Z-Image: how to write prompts the model actually understands
Open · Updated:
Z-Image is Alibaba Tongyi-MAI's compact 6B image model with open Apache 2.0 weights. Its key features are bilingual text rendering (English plus Chinese) and a built-in Prompt Enhancer. Available in Base (50 steps, negative prompt) and Turbo (8 steps, sub-second inference on H800) variants. Runs on consumer GPUs from RTX 3060 upward.
What Z-Image does
Z-Image is 6 billion parameters on the S3-DiT (Scalable Single-Stream Diffusion Transformer) architecture. The Turbo variant is distilled to 8 steps, gives sub-second generation on H800 GPUs, and took first place among open-source models in the Artificial Analysis ranking. The Base variant runs the full 50 steps, supports negative prompts, trains LoRA, works with ControlNet (canny, depth), and supports the Z-Image-Edit mode.
Key numbers: flexible resolution up to roughly 4 megapixels, hardware target — RTX 3060 with 16 GB VRAM. The Apache 2.0 license permits commercial use. Run it via HuggingFace (locally), fal.ai (API), or integrate into your own stack. Both English and Chinese are natively supported — for the prompt itself and for in-image text rendering.
- 6B parameters on S3-DiT — more compact than competitors
- Bilingual text: EN + CN inside images
- Turbo — sub-second on H800, Base — negative prompt + LoRA
- ControlNet (canny, depth) + Z-Image-Edit
- Open-source under Apache 2.0, RTX 3060+ (16 GB VRAM)
Prompt structure
Detailed descriptive prompts work best:
[Subject with details] + [Style keyword] + [Lighting] + [Composition] + [Quality modifiers]
Style keywords Z-Image responds well to: «oil painting», «3D render», «anime style», «photorealistic», «watercolor», «pencil sketch». Lighting — «natural light», «studio lighting», «golden hour», «dramatic shadow», «neon glow». Composition — «close-up», «wide shot», «bird's eye», «centered», «rule of thirds». Quality modifiers — «ultra-detailed», «high-resolution», «crisp», «sharp» — in Z-Image these actually move the needle, unlike many open-source models.
For in-image text rendering specify it explicitly in quotes: «A vintage poster with the title "Spring Festival" in red bold letters». Z-Image renders both Latin script and Chinese characters — its key feature versus competitors of similar size.

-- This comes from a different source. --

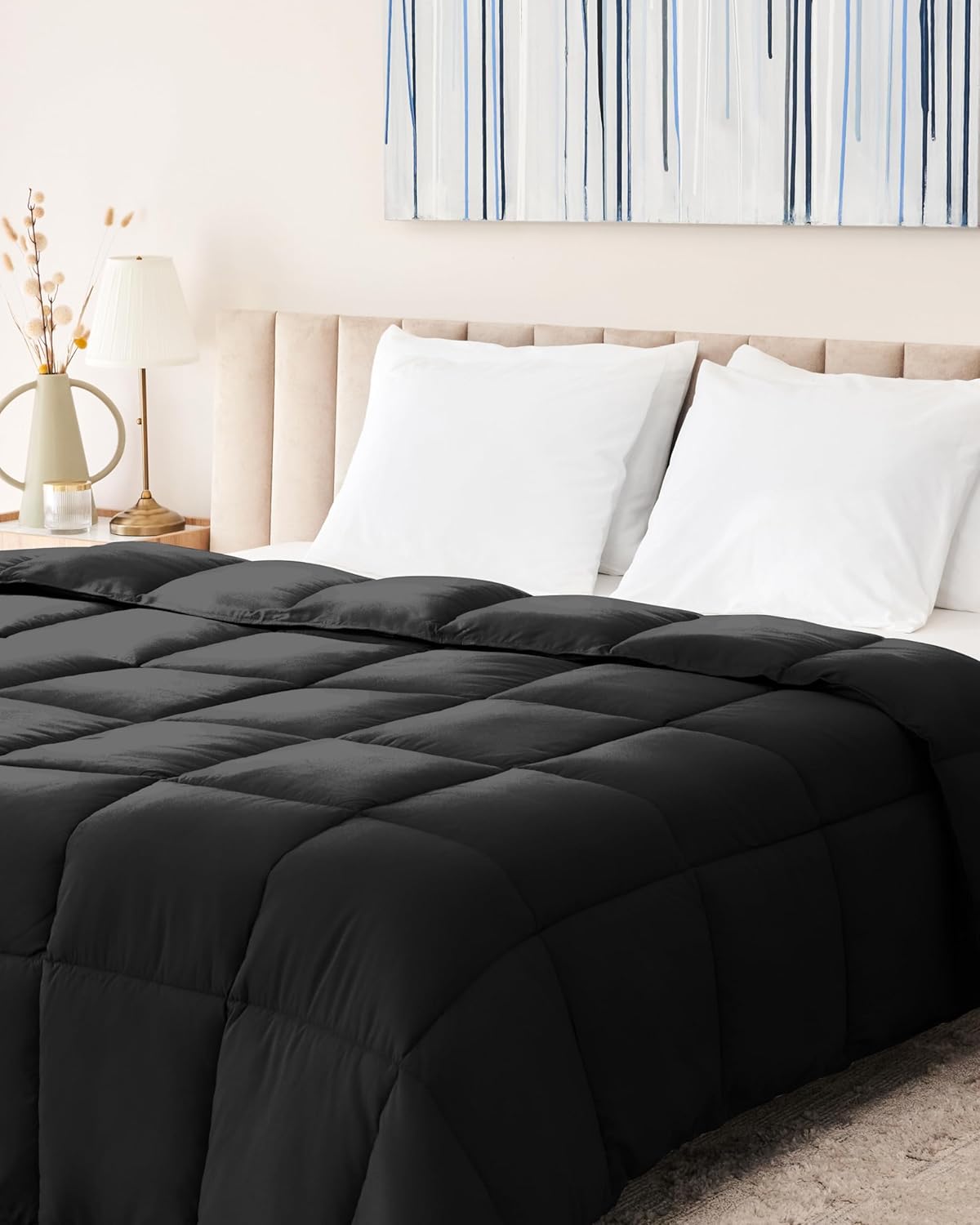 Ultimate Luxury Fluffy Down Alternative Comforter for Queen Beds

Prompt Enhancer and ambiguous prompts
Z-Image ships with a built-in Prompt Enhancer (PE) — a component that injects reasoning and common sense at the moment the prompt is processed. This lets it produce sensible output even from short ambiguous descriptions: the model fills in the missing pieces with plausible detail.

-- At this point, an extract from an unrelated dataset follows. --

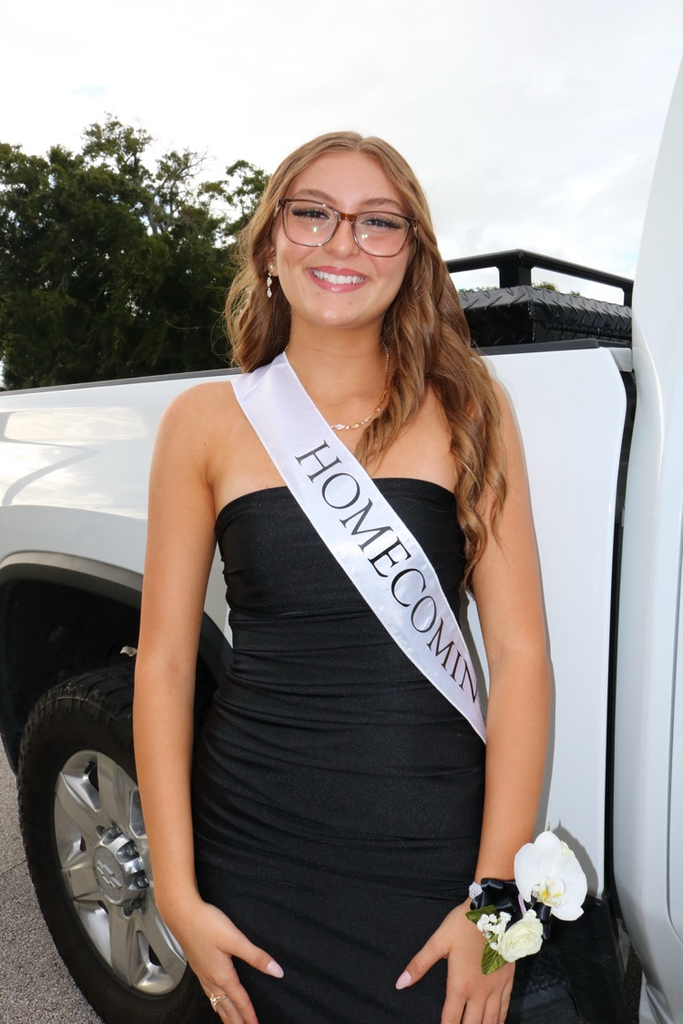 homecoming court waiting for parade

Useful for rapid prototyping and creative experiments, but it does not replace a good prompt. If predictability matters, write it out: PE patches gaps, it does not interpret key decisions on your behalf. In practice: «cat in a garden» → PE invents the breed, time of day, garden type. «A british shorthair cat sitting in a Japanese moss garden at dawn» → the result is more predictable and closer to intent.
PE plus a descriptive prompt is the best usage pattern for Z-Image. PE covers small gaps while the main description locks in direction.

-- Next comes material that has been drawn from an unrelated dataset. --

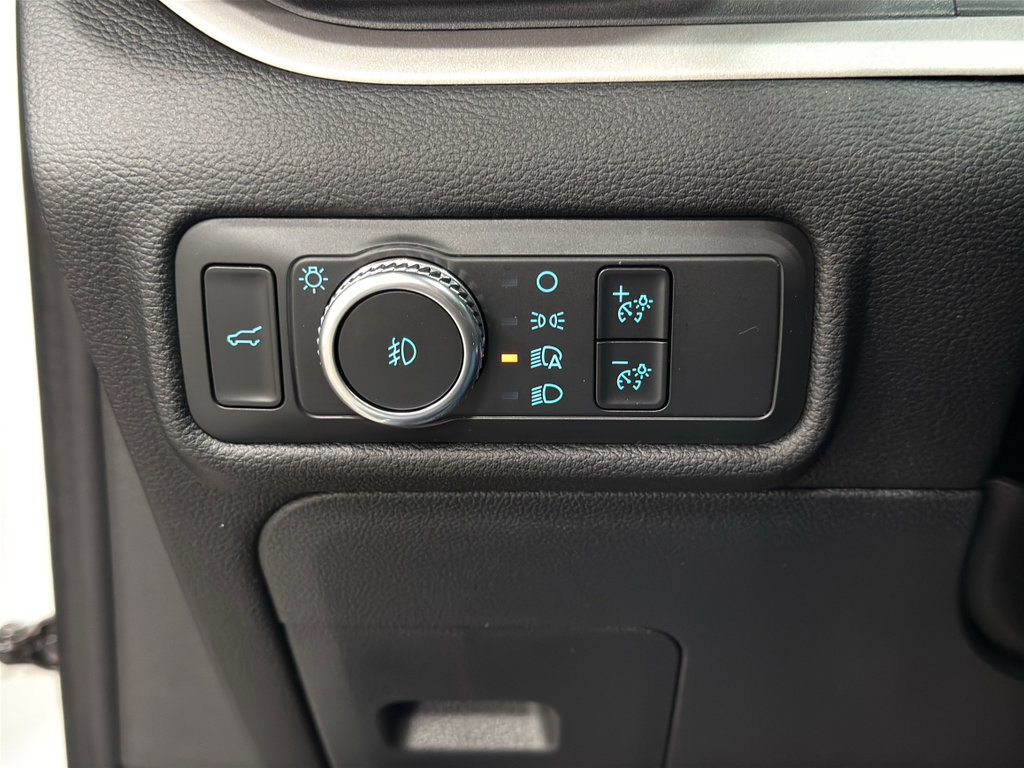 Certified 2022 Ford Explorer XLT w/ Equipment Group 202A image 11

Bilingual text inside images
Z-Image's main advantage over similarly sized models is accurate rendering of both English and Chinese text inside images. This is convenient for bilingual banners, two-language posters, ads aimed at the Chinese market, memes with English text, and infographics with Chinese captions.
For precise rendering specify text explicitly in quotes inside the prompt: • «A coffee shop sign that reads "Morning Brew" in elegant gold script» • «A poster with the Chinese title "春节快乐" (Happy Spring Festival) in red calligraphy» • «A book cover with the English title "The Silent Mountain" and subtitle "A Journey Through Tibet"»
Z-Image is not Qwen Image (a different model by another Alibaba team). For solid rendering add details: font (calligraphy, bold, sans-serif), color, placement in the frame. The more precise the text and its parameters, the higher the chance of an error-free render.
Common mistakes
1. Too minimal a prompt
«A cat» — Prompt Enhancer will try to fill in, but without direction the result is generic. PE patches gaps, it does not replace a description. Minimum for stability: a concrete subject with 2-3 details («a british shorthair cat with green eyes»), a style (photorealistic / anime / oil painting), lighting, and at least one composition cue.
2. Text without explicit quotes
«Make a poster about spring festival» — Z-Image does not know what text to render and will often produce mangled glyphs or substitute its own. Exact text always in quotes with font and color specified: «with the title "Spring Festival" in red bold calligraphy». Critical for bilingual rendering — the model's signature feature.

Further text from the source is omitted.